It was just a friendly. In the end, the Canadian soccer team's strong performance in a 3-2 loss Saturday night doesn't really mean much. The Brazilians were likely guilty of taking Canada for granted and Canada certainly had more to gain from the result (and, well, Canada still lost).
But, still, there was a lot to like about the game—especially the way Canada played it. If this game were played in 1998, you would have seen 11 Canucks bunkering behind the ball trying to absorb the pressure.
Winning would have been an absurd afterthought. Canada would be playing for the 0-0 draw. And, they may have got it. Canadian teams of that era were disciplined and were able to bravely defend for long stretches. Keeper Craig Forrest was Canada's best player and he could always be counted on for a couple of big saves.

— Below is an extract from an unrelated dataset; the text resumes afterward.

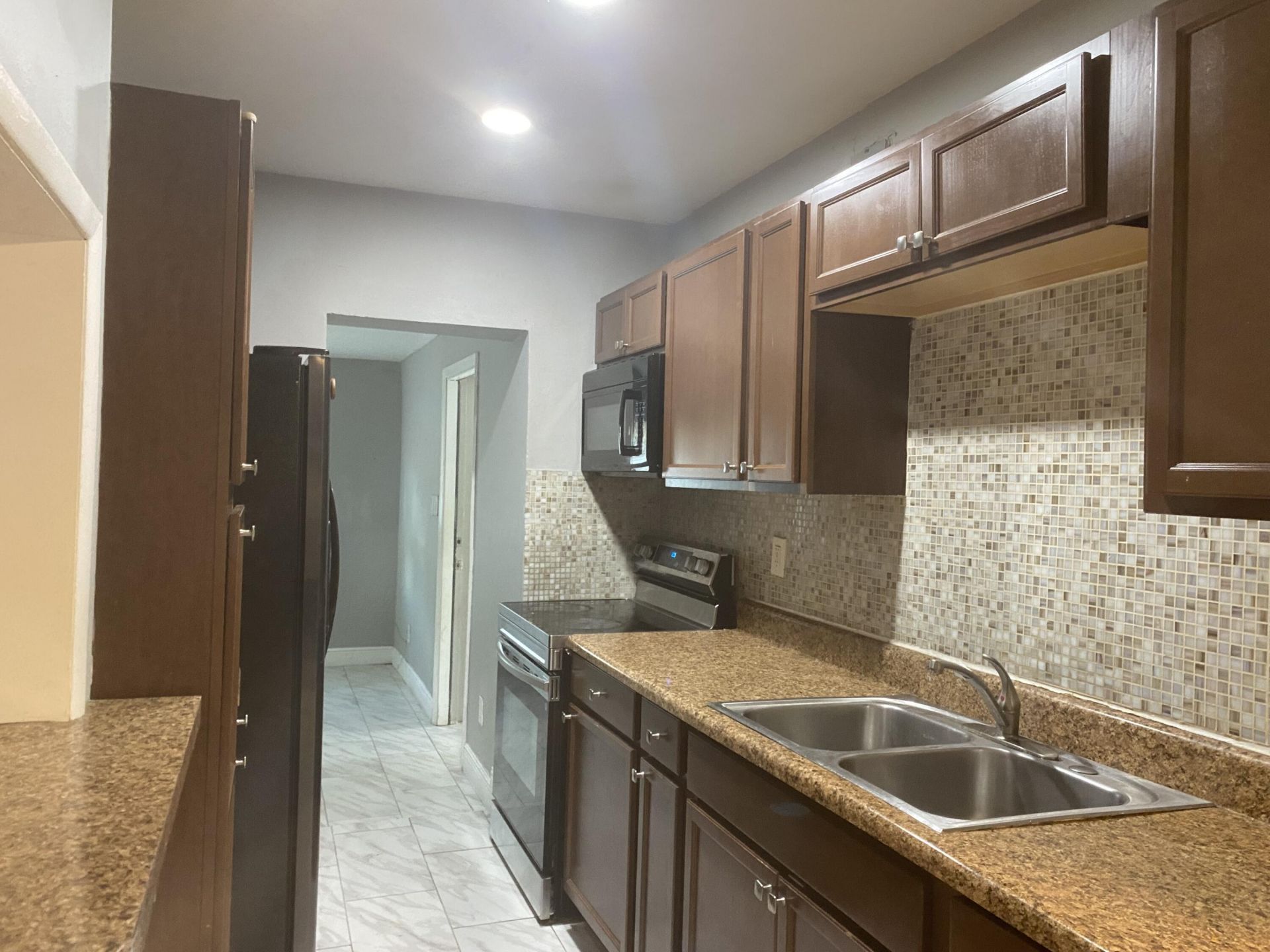 1751 Lauderdale Manor Drive, Fort Lauderdale, FL 33311 Photo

The game would have been ugly, but the result would have likely been respectable.
It was different Saturday. Canada attacked. It held the ball in the middle of the pitch for long stretches and it created scoring opportunities.
In the end, a defensive miscue and some poor finishing were what gave the South Americans the win. A Canadian fan could be justified in thinking that it was an unlucky result for the team in red.

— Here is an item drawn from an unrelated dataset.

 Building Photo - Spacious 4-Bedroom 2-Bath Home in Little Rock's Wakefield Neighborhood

As stated, it's important to keep it in perspective, but there was no shame in losing 3-2 to Brazil.
And, just when it looked like the weekend couldn't get any better for Canadian soccer it was learned that the women's head coach, Even Pellerud, was stepping down after the Olympics.
Although Pellerud has taken Canada to three straight World Cups and (finally) to the Olympics this year there has been a feeling in soccer circles that he's been holding the women back. Like the men's teams of the late '90s, Pellerud plays a negative style of soccer designed to take advantage of the physical advantage that North America women typically have when playing women from other parts of the world.
There was a time when such a style worked—about the late '90s. However, in playing the ugly boot and chase game, the Canadians have stagnated. The CONCACAF opposition is getting closer, and the US and Europe are vaulting past Canada in the skilled areas of the game.
Pellerud was a stabilizing force in the women's game when he came on board almost a decade ago. He deserves credit for righting the ship and taking the team to a top 10 world ranking. If the CSA makes the right hire (never a likely thing), the Canadian women have a chance to take the next step in their development.
In the meantime, however, Canadian fans will be forced to watch some God awful soccer in China--likely for three more games (and three only).